"The groundwork of all happiness is health." - Leigh Hunt

Artificial Sweeteners: No Help, Possible Harm?

The research we're taking a look at.

Photo: © Highwaystarz-Photography/Thinkstock

About a 3rd of Americans say they use artificial sweeteners each day. Popular examples include aspartame (Equivalent, NutraSweet), sucralose (Splenda), and stevia (Truvia, Pure Via). All of those can be found in packets and are also added to soda, yogurt and other foods.

But do these sugar substitutes aid you shed pounds? New research suggests they don't. In fact, this will likely have the other effect of zero-calorie foods – and possibly even increase the danger of hypertension, diabetes and heart disease.

Researchers reviewed 37 studies involving a complete of greater than 400,000 people. But there have been only seven “gold standard” randomized controlled trials, comparing individuals who used artificial sweeteners for six to 24 months with a control (placebo). These studies found no clear evidence that fake sugar helped chubby people shed kilos.

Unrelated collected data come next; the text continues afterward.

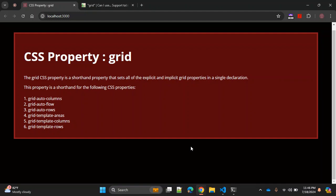In today's video we are going to discuss one CSS property: grid. This grid CSS property is a shorthand property that sets all of the explicit and implicit grid properties in a single declaration. You need to use display grid to use this CSS shorthand property, and this property is a shorthand for grid-auto-columns, grid-auto-flow, grid-auto-rows, grid-template-areas, grid-template-columns, and grid-template-rows.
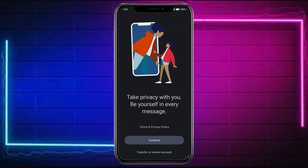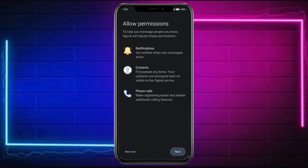Once you have opened it, you will have this home page that will prompt you to log in, sign up, or also to restore or transfer your account. Click on this.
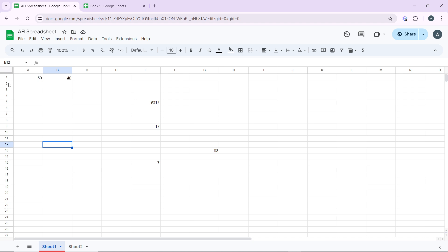You can also resize a column. Hover over the column letter at the top until the cursor changes to a double-headed arrow, then click and drag to adjust the column width.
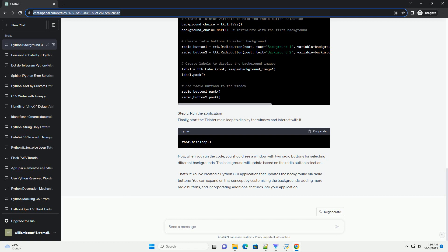Step 4: Create a function to update the background. We'll create a function that sets the background of the window based on the selected radio button. This function will be triggered when a radio button is selected.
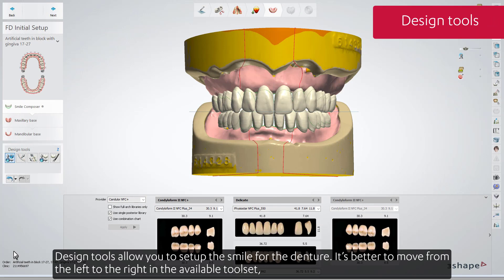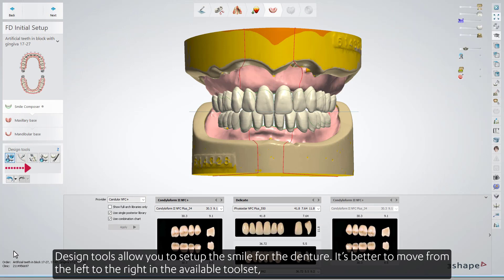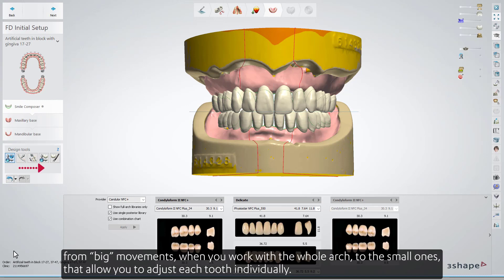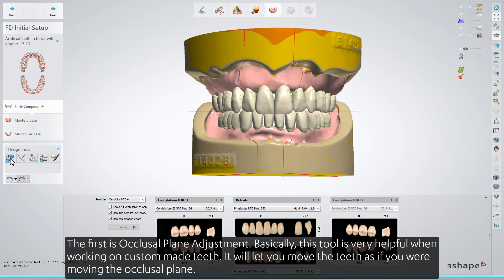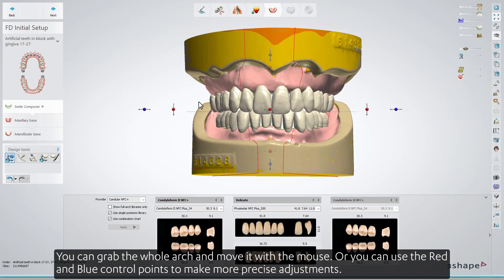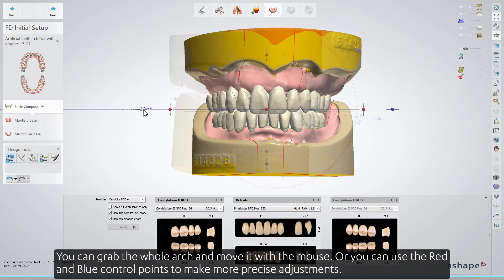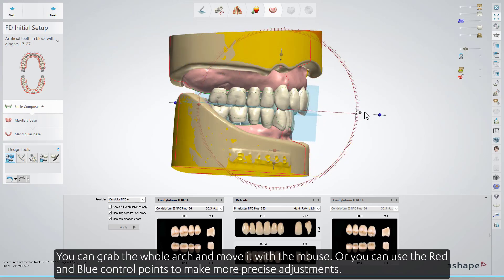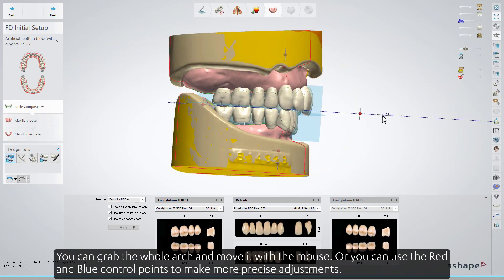Design tools allow you to set up the smile for the denture. It's better to move from left to right in the available tool set, from big movements when you work with the whole arch to small ones that allow you to adjust each tooth individually. The first tool is the occlusal plane adjustment. With this tool you move the teeth as if you were moving the occlusal plane. You can grab the whole arch and move it with the mouse, or use the red and blue control points to make more precise adjustments.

Other studies have revealed possible links between artificial sweetener consumption and hypertension, diabetes and heart disease. The reasons behind these trends usually are not fully understood. Some researchers consider that sugar substitutes can leave the brain unsatisfied, resulting in unhealthy cravings and overeating. The study was published on July 17, 2017, in Canadian Medical Association Journal.